O grupo de trabalho encarregado de propor uma estratégia para reduzir as tarifas de energia elétrica, por meio de corte nos subsídios repassados à conta de luz, terminou seus trabalhos com um leque amplo de sugestões ao governo. Porém, boa parte das medidas definidas não deverá ser implantada por exigir mudanças na legislação do setor.

As sugestões definidas por técnicos do governo estão no relatório final do "plano de redução estrutural das despesas" da Conta de Desenvolvimento Energético (CDE), que reúne nove subvenções que encarecem a tarifa.

O estudo, conduzido pelo Ministério de Minas e Energia, propõe a extinção de alguns desses subsídios que beneficiam segmentos de dentro e fora do mercado de energia. O trabalho técnico inclui mecanismos para aperfeiçoar o controle dos gastos e o recadastramento dos beneficiados a fim de eliminar fraudes.

Fontes oficiais ouvidas pelo Valor avaliam que há poucas chances de propor mudanças legislativas, com envio de projeto de lei ou medida provisória ao Congresso, em meio à reta final de campanha. A ideia de apresentar um amplo plano de redução das tarifas estaria, então, limitada a ajustes pontuais no setor, por meio de decretos e portarias. O Planalto trabalha com a expectativa de anunciar esse "plano" até o fim deste mês.

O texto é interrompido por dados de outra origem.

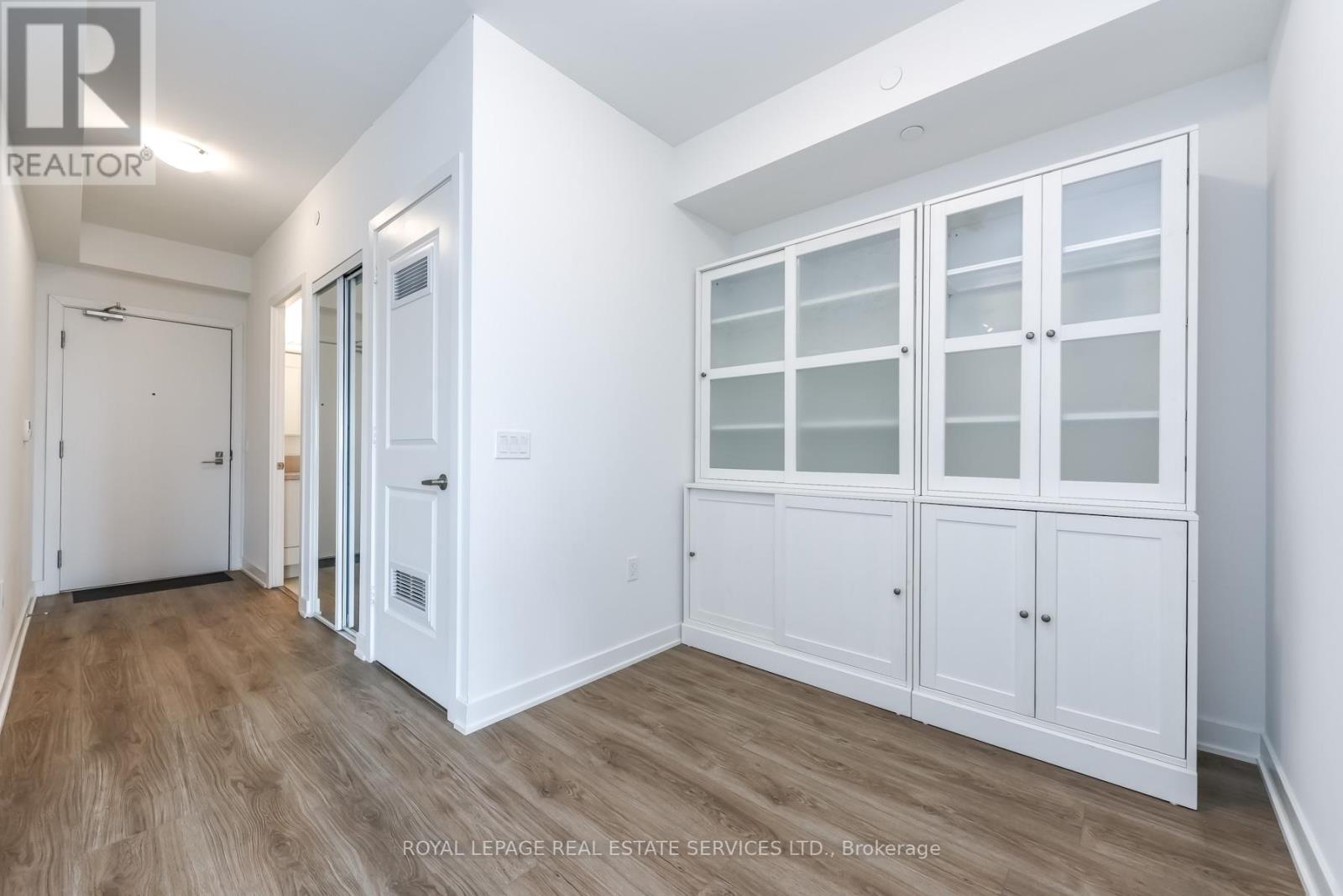 607 - 4677 Glen Erin Drive, Mississauga, Ontario  L5M 2E3 - Photo 9 - W12946506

Há dois pontos de destaque no relatório: um teto de gastos para a CDE, que consumirá R$ 19,7 bilhões em subsídios para as tarifas de energia em 2018, e o fim de incentivos para novas usinas eólicas e solares. As duas medidas só podem ocorrer por mudança em lei.

Com o teto de gastos, seria definido um limite de despesas com subsídios no primeiro ano e, para os anos seguintes, o valor máximo seria reajustado pelo IPCA dos 12 meses anteriores. Como pode haver mudança do teto por decreto, há certa flexibilidade.

O benefício criado para expandir as fontes renováveis prevê o desconto de 50% sobre as tarifas-fio - cobradas pela passagem dos megawatts nas redes de distribuição e transmissão (Tust e Tusd). Esse subsídio ajudou a ampliar a oferta de energia por usinas eólicas nos últimos anos e impulsionar a contratação de fonte solar. O relatório indica que o gasto vinculado ao desconto concedido no consumo dessas fontes aumentou 76% em 2017.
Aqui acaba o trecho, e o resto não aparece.